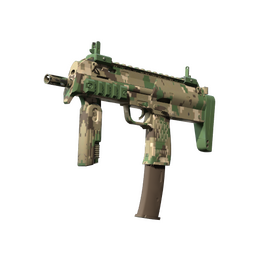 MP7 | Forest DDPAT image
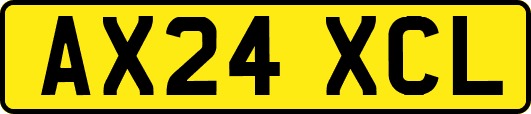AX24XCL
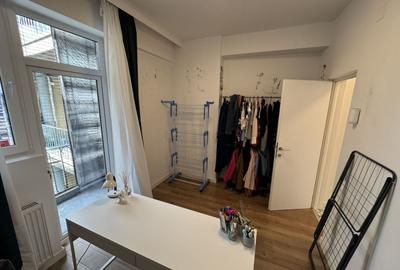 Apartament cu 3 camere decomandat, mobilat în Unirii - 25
#####
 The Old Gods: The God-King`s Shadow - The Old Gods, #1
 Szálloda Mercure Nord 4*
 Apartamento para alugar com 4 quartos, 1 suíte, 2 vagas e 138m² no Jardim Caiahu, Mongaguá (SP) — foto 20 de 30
#####
Within the data above, the span starting at the line containing "The Old Gods: The" and ending at the line containing "Apartamento para alugar" is to be retyped exactly, with no other lines.

> Response area:
 The Old Gods: The God-King`s Shadow - The Old Gods, #1
 Szálloda Mercure Nord 4*
 Apartamento para alugar com 4 quartos, 1 suíte, 2 vagas e 138m² no Jardim Caiahu, Mongaguá (SP) — foto 20 de 30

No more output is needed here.